Computer scientists at the University of Toronto have developed a camera robot called Stargazer that can create dynamic instructional videos. The robot is designed to assist teachers and remove the restrictions of working with a static camera.
Jiannan Li, a doctoral student in the computer science department of the Faculty of Arts & Science and principal investigator of the Stargazer project, said, “The teachers are there to teach. The role of the robot is to help with the filming, that is, to do the heavy lifting.”
The robot guides a single smartphone camera on a seven-degree-of-freedom robotic arm, which allows it to move with the video subject and independently track objects of interest. The system recognizes subtle hints from the teacher, such as body movements, gestures, and language, captured by the camera and other sensors.
The speech is picked up by a wireless microphone and forwarded to the Microsoft Azure Speech-to-Text language software. The transcribed text is interpreted by the GPT-3 language model along with a user-defined prompt.
The control commands for the camera are carried out naturally. For example, pointing to individual objects is enough to cause the camera to pan. In addition to gestures, speech is also analyzed and converted into robot control commands.
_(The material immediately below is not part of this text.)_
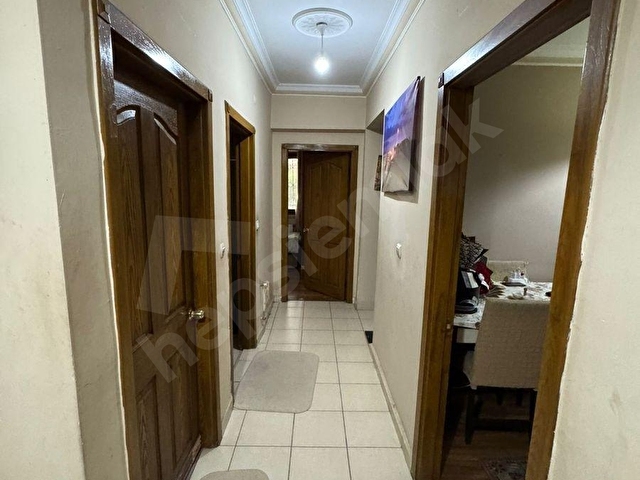 GÜLTEPE MAH HACI BAYRAM BULVAR ÜZERİ EŞYALI SATILIK 2+1 DAİRE - Görsel 8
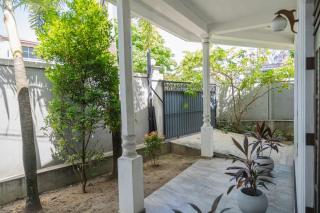 Soma's Villa - Galle - 3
In a study, the system had to prove its functionality. Six teachers each completed two practice sessions before they could produce instructional videos with Stargazer. They showed how to maintain skateboards, made interactive sculptures, and showed how to set up virtual reality headsets.
According to the researchers, all participants were able to produce videos of satisfactory quality with the robotic camera. The team is now working on expanding the vocabulary of subtle intentions to improve collaboration with the robot and produce even more beautiful videos.
The scientists concede that Stargazer is not yet made for the masses, but there is a market for professional robotic film equipment. The robotic arm used is also still too expensive for teaching applications, and it also relies on external sensors, which makes the application even more complicated.